Fr Eric Manley-Harris has been a great supporter of my project to have a plaque put up to mark the martyrdom, and we had a Missa Cantata in the 'side chapel' he has created behind the main altar of his modern, circular church. Fr John Saward sang the Mass. Pleasingly some of Thomas Belson's descendents attended the Mass.

The feast of the Martyrs of England and Wales is peculiar to England and Wales, and falls on May 4th. The propers can be found in Missals with the necessary supplement; not without some difficulty I got hold of the chants for the feast, since Graduales with an E&W supplement are rare. I intend to put the chants and propers on-line in some form to make them more widely available.
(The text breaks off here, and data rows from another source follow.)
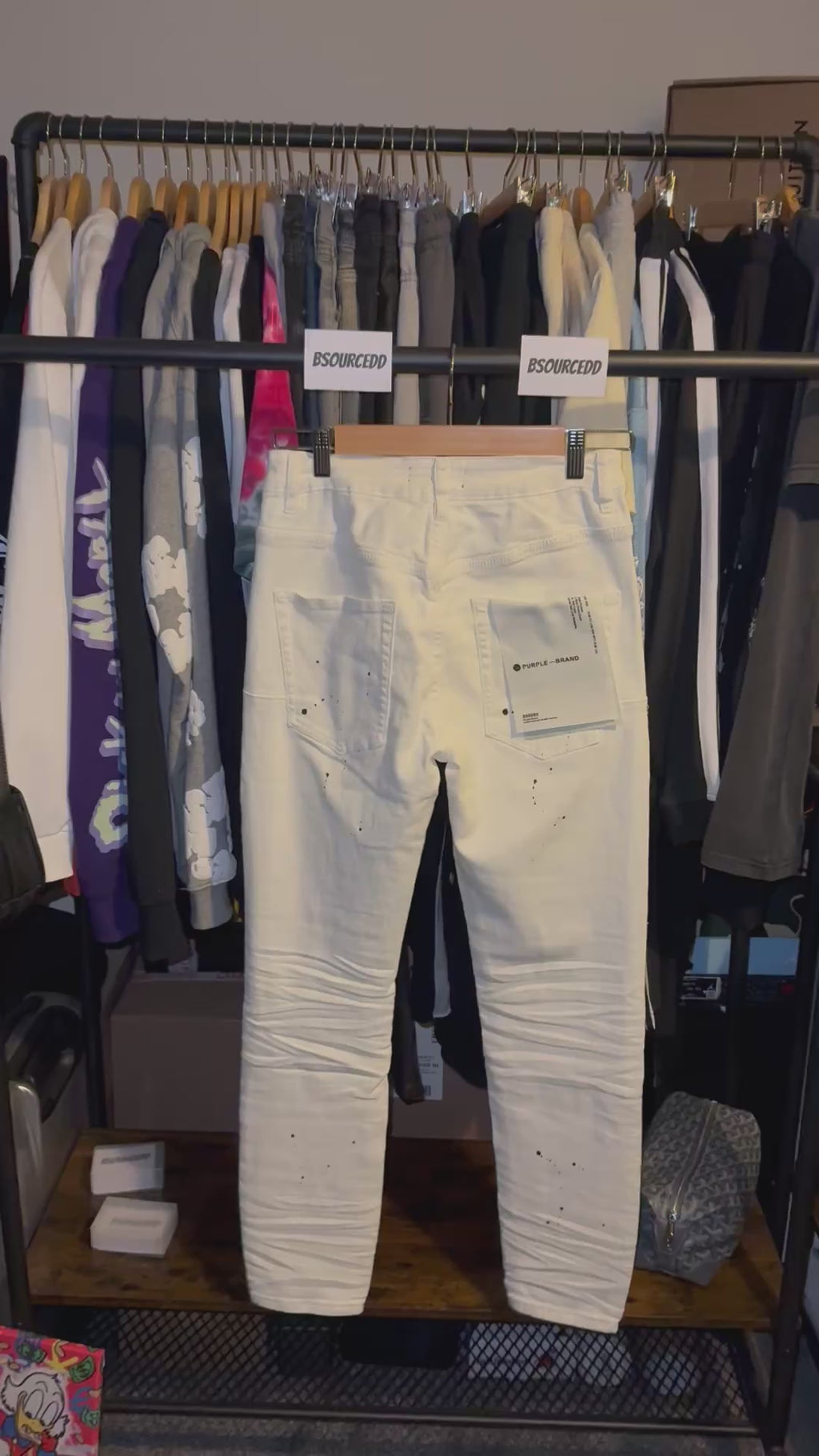 PURPLE JEANS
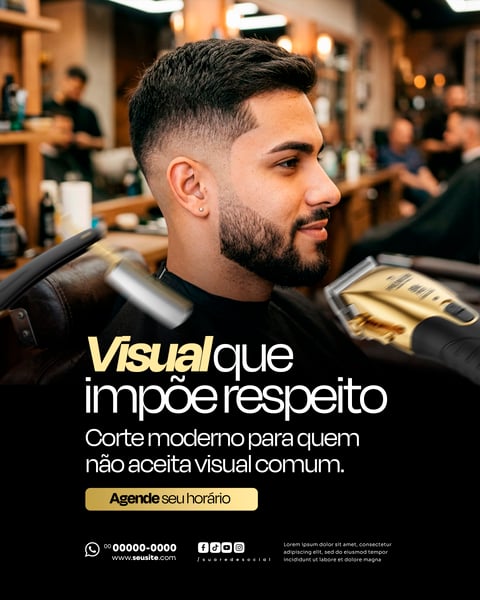 BARBEARIA SOCIAL MEDIA PSD EDITÁVEL 10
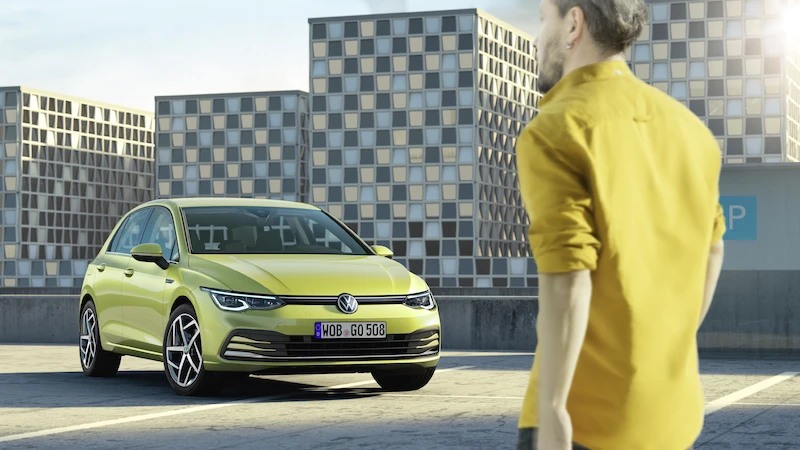 Volkswagen Golf - 15.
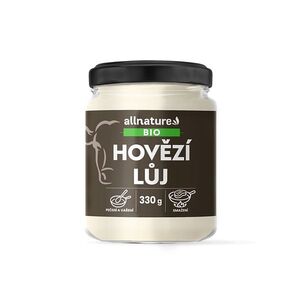 ALLNATURE Hovězí lůj BIO 330 g obraz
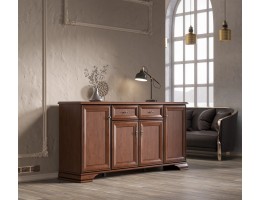 Тумба вместительная Каштан S320-KOM4D2S KENTAKI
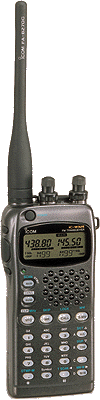 Icom W32e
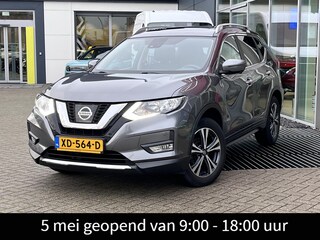 Nissan X-Trail 1.6 DIG-T N-Connecta Navigatie / Panoramadak / Afneembare trekhaak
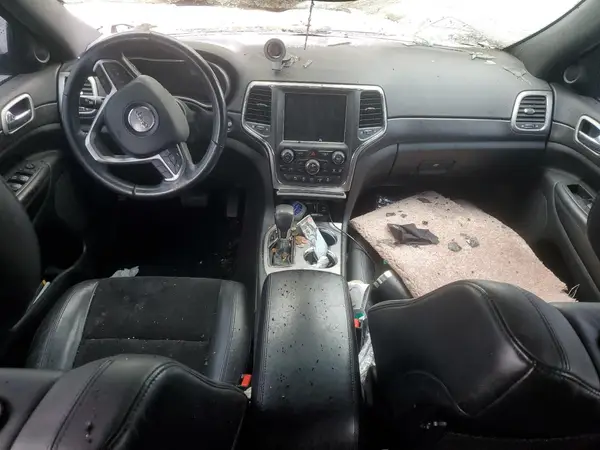 1C4RJFAG3JC202284 2018 JEEP GRAND CHEROKEE - Image 8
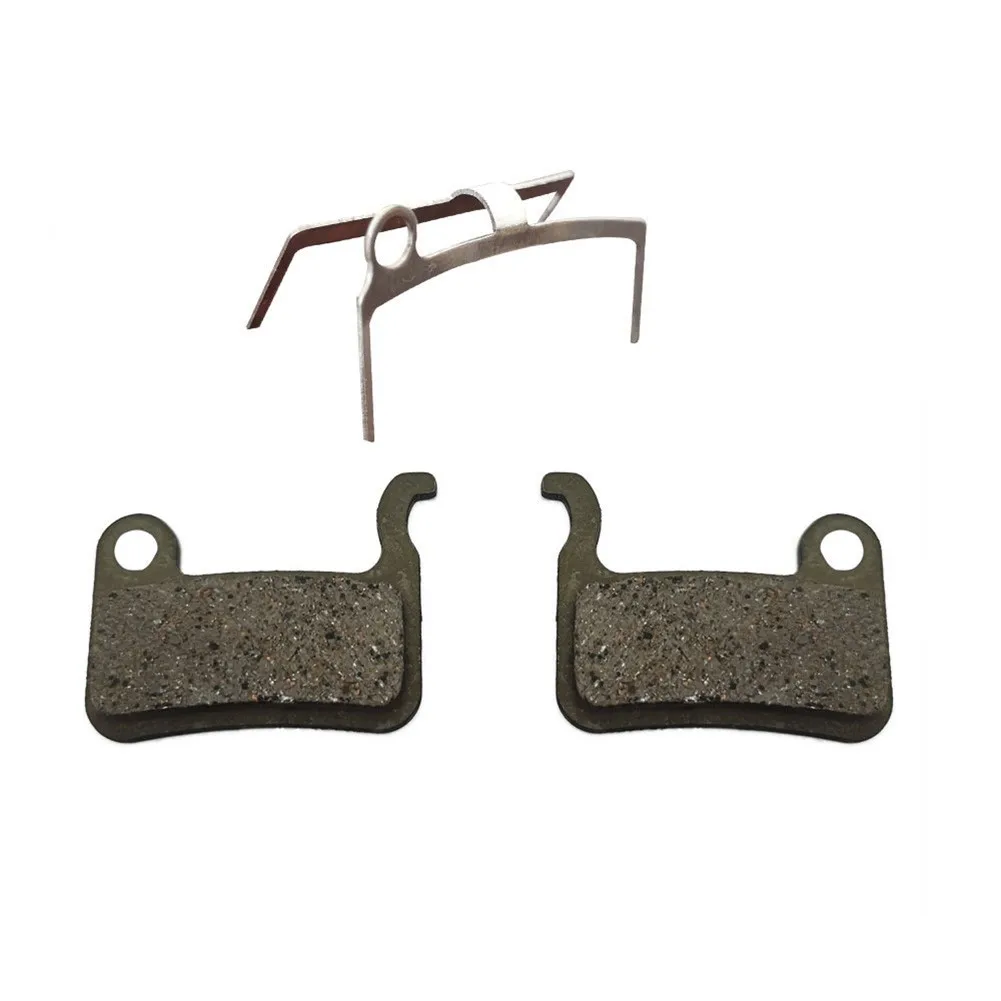 

MTB Mountain Bicycle Disc Brake Pads Organic Disc Road Brake PadsFit For HB-875 / M595 / M585 Bicycle Parts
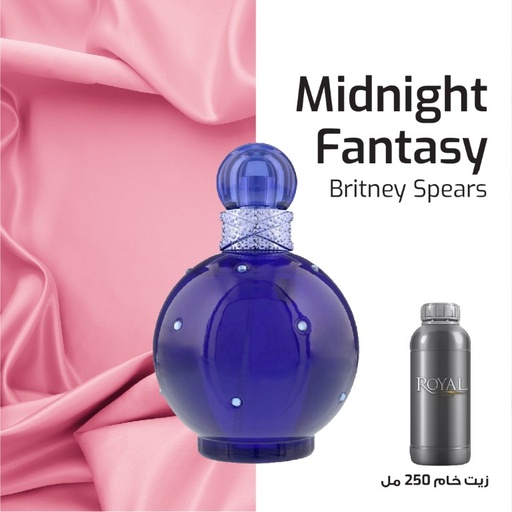 [RSPP250ML-CLK-4186838] Perfume250 ml³ - Britney Spears - Midnight Fantasy Mid Fantastico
The Mass was a great occasion. The congregation, mostly from the local parishes, filled the chapel, and in addition to the Chant we had a polyphonic ordinary. The proper chants were put together first for the feast of St Thomas More and St John Fisher, who were beatified in 1886 and canonised in 1935. The texts are sanguinary, being taken mostly from Ps 78, but the chants, though awkwardly composed in places, lend them a certain gentleness. Even as the blood of the martyrs runs in rivers and cries out for vengeance, the tone is one of humble petition. It is an interesting comment on the feelings of English Catholics at the time.

I'll be putting up video clips of the singing as soon as I've processed them.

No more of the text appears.